The player could note it like this:

1000 gp
100 gp worth of gems
10,000 gp worth of magical components.

If at any time this guy wanted to create a magic item, he could do so wherever he was as long as the item's creation cost was 10k gold or less.
(Note however that I would still require the masterwork items needed).

@Better_With_Bacon: I love that you go to such detail and with such strong themes. I might secretly throw bonuses at you for doing it if you were my player, ie. lower DCs on crafting or other "small" stuff, but I'd never require it.


Reason you can't "go component hunting": Maintaining and limiting character wealth by level.

Reason the rules don't list weird components you need to "magic it up": So a bad DM doesn't get confused (or dickish) and start arbitrarily raising the price or limiting availability of components.

Worryies about "getting too much" are generally overblown, I have NEVER played a game where I wasn't at least 15% behind the WBL curve (usually more like 50%).* And this is after we decided to keep things we didn't really want, like the second battleaxe that only one character can use.

Which brings us to point #3, "component hunting" is basically like farming wealth and spending the profit on flat-rate item crafting. I see no difference between selling the dragon blood at market value (assuming you can find/make up a market value) or using the dragon blood to make your ring of acid resistance, and would do the math accordingly.

I am told Ultimate Campaign has the rules for gathering resources, the specific flavor of what you collect, (essence of magma mephit, pure ice from the peaks of the Wall of Heaven) is whatever window-dressing you like.

*This only applies to characters who I had been playing a while. If I had to roll up a new character I started at WBL, and was generally richer than everyone else until we leveled again but continued to be broke.

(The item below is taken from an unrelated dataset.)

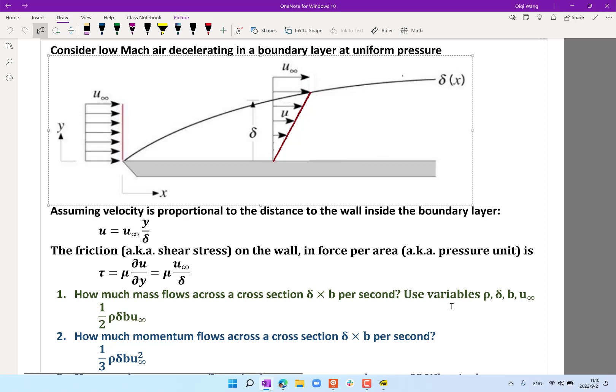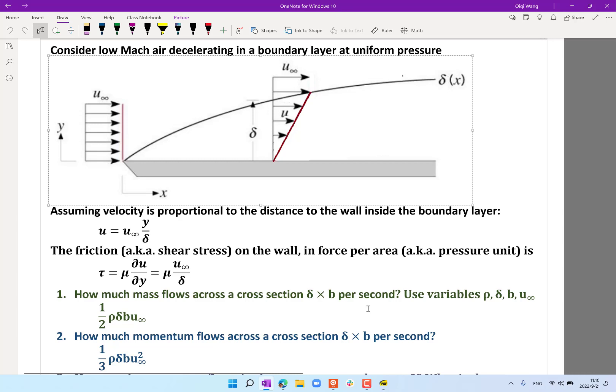Then we started our analysis. We asked how much mass flows across a cross section of delta times b per second — what is the mass flow between the wall and the boundary layer edge for a span of b. The result is that because the average velocity in this region is half as fast as the free stream velocity u-infinity, you get one-half times u-infinity times the cross-sectional area delta·b times density as the mass flow rate.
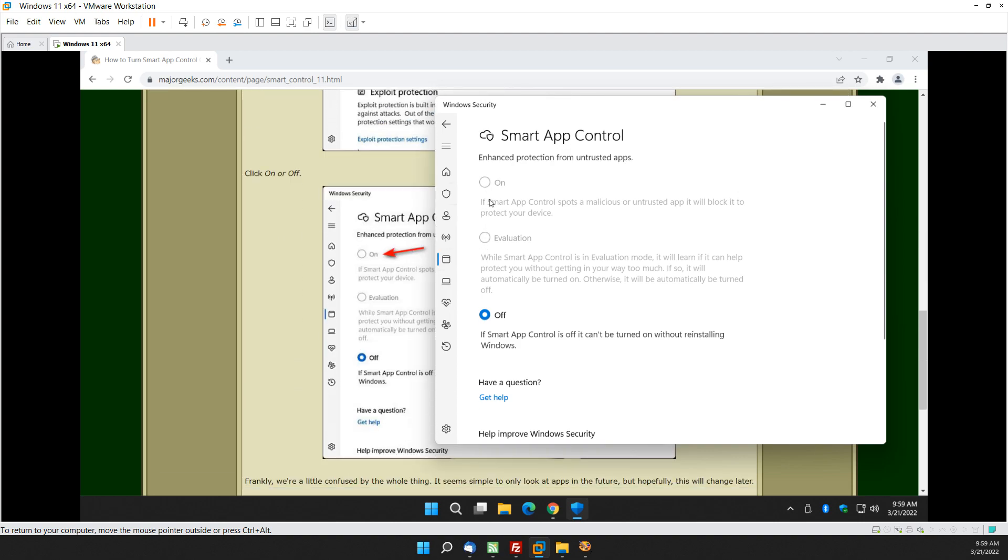As you can see there's on to turn it on and evaluation. Now in evaluation, it won't do anything to the software you have but it's going to look and start looking up all the stuff you have and seeing what's safe, if it can protect you without getting in your way too much, it kind of learns your habits a little bit.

Check with your GM before just spending gold on materials, though. It's also within the rules for the GM to require that some or all of the cost of a magic item be in the form of Talismanic Materials that have to be specially sought out. It will probably come down to whether the GM thinks that creating items is preparation for an adventure or is part of the adventure.


JoeJ wrote:

Check with your GM before just spending gold on materials, though. It's also within the rules for the GM to require that some or all of the cost of a magic item be in the form of Talismanic Materials that have to be specially sought out. It will probably come down to whether the GM thinks that creating items is preparation for an adventure or is part of the adventure.

Of course! You should ALWAYS check with your GM before simply doing things. What I was talking about was a generally fair assumption. Some GM's might not even require that you are in civilization when converting gp into magic item components, while some GMs might require quests to find them.

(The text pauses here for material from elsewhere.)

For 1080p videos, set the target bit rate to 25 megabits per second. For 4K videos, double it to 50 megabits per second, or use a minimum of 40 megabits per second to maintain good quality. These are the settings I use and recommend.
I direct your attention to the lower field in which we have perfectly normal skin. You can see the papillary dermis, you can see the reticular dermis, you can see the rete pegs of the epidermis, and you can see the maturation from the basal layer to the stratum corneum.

Agreed it always comes down to working with your GM. I was just wondering if there was any legit book guidance.

I was initially going to ask about if you need a location or not as well, but then I looked over the rules again and saw that it covered that, saying that you could work anywhere that you can study a spellbook, so if a Wizard can memorize their spells around the campfire every morning, I should be able to tinker.

By "component hunting", I didn't mean I intended to try and find my own components so I didn't have to pay for them, though I guess if I were to find them I wouldn't end up having to pay for them.

I think it's an acceptable point that I need to have access to some form of "component shop".

As for my question about turning all my money into components, I wouldn't mind being short cash for other shops. I think the rest of my team would be willing to help out after I've been making all their magic items at cut rate prices.